Optimization / exchange argument / Cartesian tree.

Claim

For a linear array, the minimum merge cost is the sum of the parent values in its max Cartesian tree, over all non-root nodes.

For the ring, cut the cycle at any occurrence of the global maximum and solve the resulting linear instance. Equal maxima give the same value with the stable Cartesian-tree tie rule used in the code.

Necessary

Every merge tree over a linear order has an internal node for each merged interval. The cost of an internal node is the maximum value inside that interval. Since the interval maximum is independent of the split, the optimal recurrence is:

dp[l][r] = max(a[l..r]) + min(dp[l][k] + dp[k+1][r]).

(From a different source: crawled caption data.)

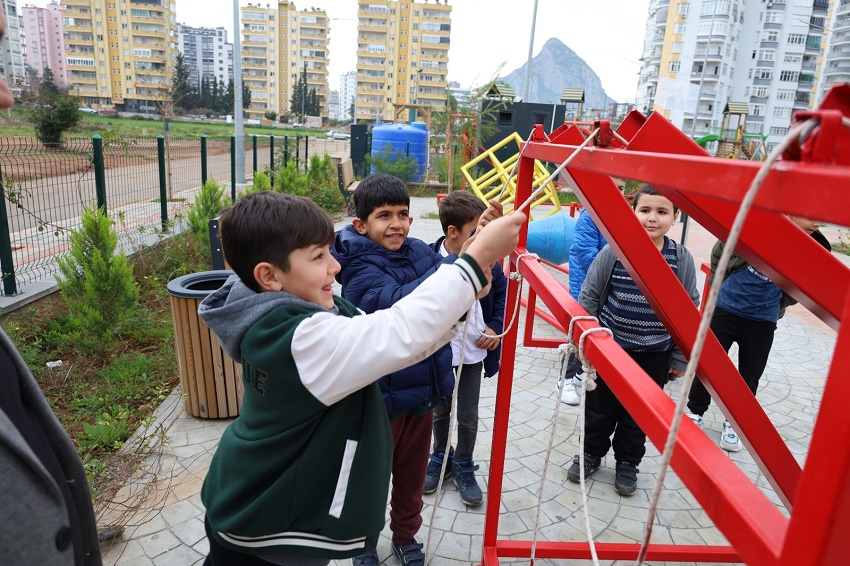 EĞLENEREK ÖĞRENİYORLAR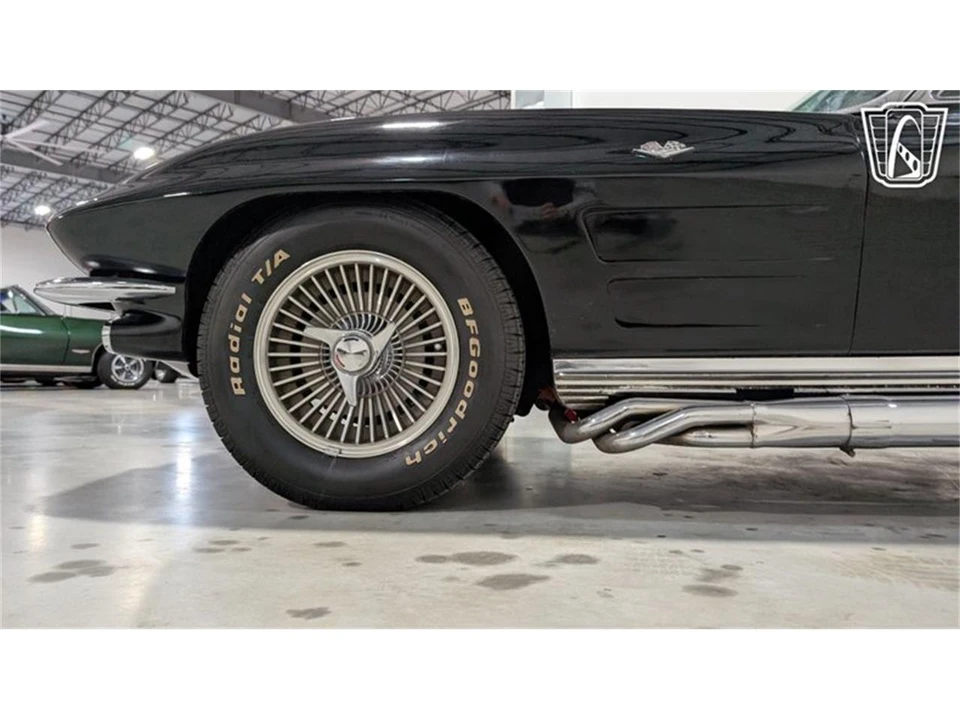 1963 Chevrolet Corvette C2 - Image 27 of 31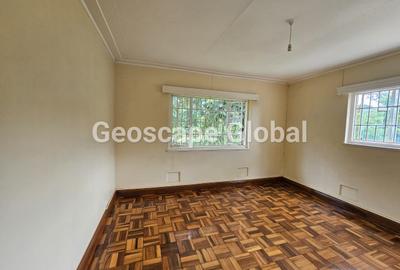 4 Bed House with En Suite in Rosslyn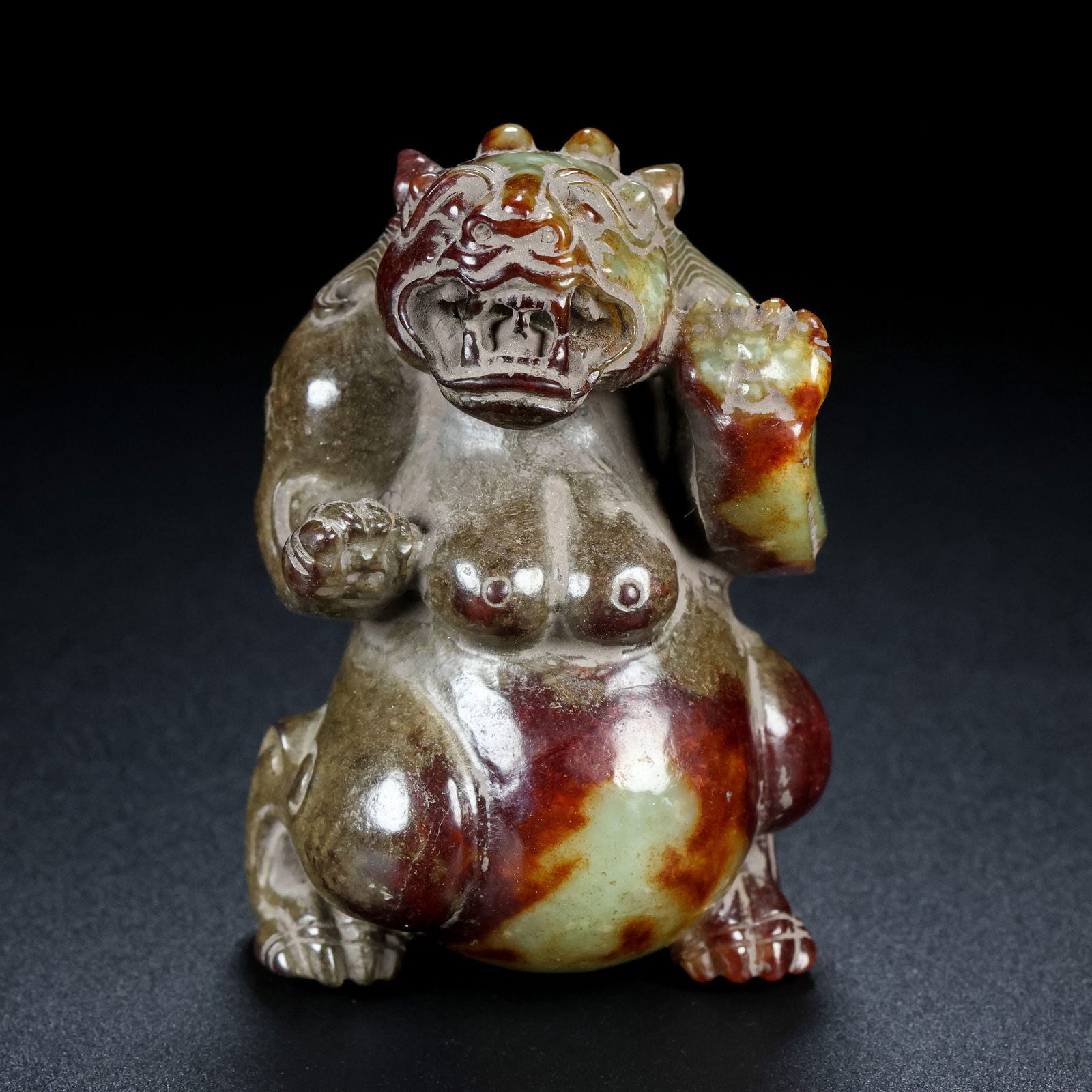 Hetian Jade Statue - Bear,Old: Title: Hetian Jade Statue - Bear,Old Origin: Chinese Date/Period: After1880 Materials: Hetian Jade Dimensions: 75x50x50(mm) 2.95x1.97x1.97(inches) Weight 0.56 lbs/253g Reserve: $549.00 Shipping: Dome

The Cartesian tree is the compact form of this recurrence: each non-root leaf/subtree is first joined through the nearest dominating maximum, contributing exactly its parent value.

Sufficient

Build the max Cartesian tree after cutting at a global maximum. Merging bottom-up according to the tree is a legal adjacent-merge order and pays exactly the parent-value sum.

Brute / Check

Checked by exhaustive DP over all cyclic merge choices for n <= 7, small values, against the implemented formula.

Edge

• n=2
• zeros
• repeated global maximum
• all values equal

代码

来源：problems/cf2165A/solution.cpp

#include <bits/stdc++.h>
#define ll long long
using namespace std;

int main() {
    ios::sync_with_stdio(false);
    cin.tie(nullptr);

    int T;
    cin >> T;
    while (T--) {
        int n;
        cin >> n;
        vector<ll> a(n);
        for (int i = 0; i < n; i++) cin >> a[i];

        int root = 0;
        for (int i = 1; i < n; i++) {
            if (a[i] > a[root]) root = i;
        }

        vector<ll> b(n);
        for (int i = 0; i < n; i++) b[i] = a[(root + i) % n];

        vector<int> par(n, -1), st;
        st.reserve(n);
        for (int i = 0; i < n; i++) {
            int last = -1;
            while (!st.empty() && b[st.back()] < b[i]) {
                last = st.back();
                st.pop_back();
            }
            if (!st.empty()) par[i] = st.back();
            if (last != -1) par[last] = i;
            st.push_back(i);
        }

        ll ans = 0;
        for (int i = 0; i < n; i++) {
            if (par[i] != -1) ans += b[par[i]];
        }
        cout << ans << '\n';
    }
    return 0;
}